Listing, We Sink With Miscalculations
So what were some of the miscalculations made with respect to the issuance of these now defaulting bonds for the new Yankee Stadium complex? Here is a list:
1. That there was no need for 9,000 parking spaces* in the eleven garages in the onsite complex directly serving the stadium. (With the stadium’s reduced 50,287 seat capacity- the reduction was between 4,561 and 7,459 seats while 2,000 parking spaces were simultaneously added- that’s one parking space with the new configuration for every 5.587 seats for a baseball game. And games are not selling out.) WNYC reports that on game days the garages are two-thirds empty and Crains reports they have never been more than 60% full. This is an odd miscalculation for officials serving the public to make in a city where the policy should be to encourage mass transit and discourage the onslaught of vehicular surges through stadium neighborhoods. (Atlantic Yards planning is similarly biased toward providing parking spaces.)A Jane Jacobs Digression
(* It should be noted that of the 9,000 parking spaces there were 250 additional parking spaces, previously intended for “public use” that were given to the Yankees “for the private use of Yankees officials, players and others” so that the Bloomberg administration “intent on obtaining a free luxury suite for its own use” could get a suite with twelve seats. Because the city and state codes governing public official ethics are different, this was not technically an ethics code violation although Governor Paterson’s obtaining a set of free tickets to a Yankee game was and consequently earned him a $62,125 fine. The overriding caveat, however, is to beware of public officials obsessed with using the office they hold to attend sports games for free.)

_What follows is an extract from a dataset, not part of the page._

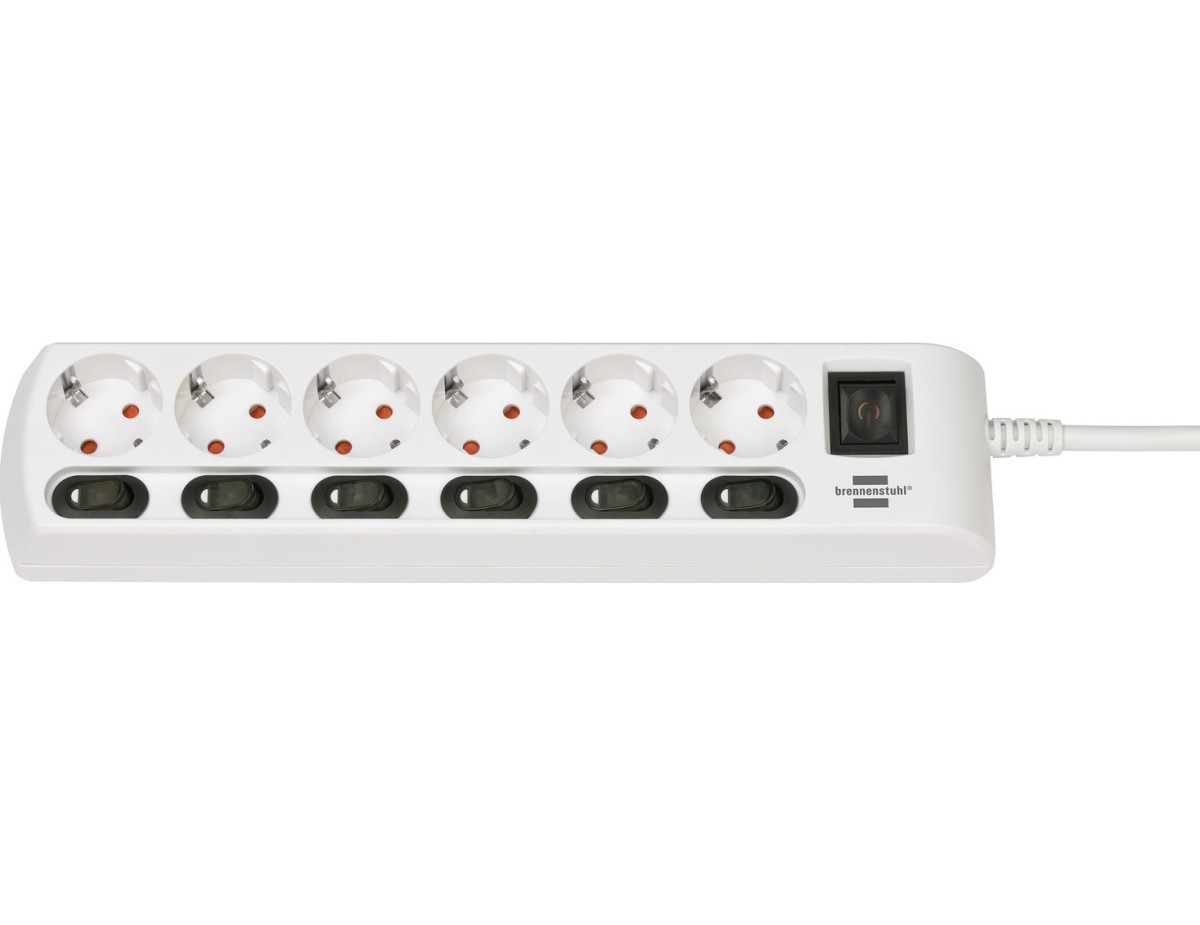 Brennenstuhl Socket Line 6-fold 2m incl. Switch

2. That the new, more expensive stadium parking would be attractive enough at the new, more expensive prices to attract sufficient utilization to support the bonds. Was that a good bet when they underwrote the bonds in 2007? In spring of 2009, concurrent with the first season’s opening, Noticing New York reported on the skepticism of two old-timers, both baseball scouts. They thought $29 was too much to charge for parking (Sunday, March 15, 2009, Inside Baseball.) The price of parking has recently been hiked to $35, probably worsening the situation. Will we now see a vicious cycle of price hikes intended to compensate for low utilization?

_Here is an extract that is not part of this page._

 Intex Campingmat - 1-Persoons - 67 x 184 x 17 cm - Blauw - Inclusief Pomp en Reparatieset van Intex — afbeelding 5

3. That other existing cheaper local private sector garage and parking facilities wouldn’t out-compete the subsidized Yankee garage facilities. (WNYC reports competitors are charging as little as $15.)
4. That high prices wouldn’t cause those who do drive to the stadium to roam the streets looking to usurp the street parking that was previously available to those who live in the neighborhood. This part of the miscalculation nullifies some of the environmental assessments made when the new stadium was first considered and winds up being contrary to assurances that Yankees president Randy Levine offered the City Council during at least one public hearing.
5. That the alternative transportation options provided by the new Metro-North stop added next to the stadium as part of the reconfiguration wasn’t essentially a duplicative and conflicting public investment.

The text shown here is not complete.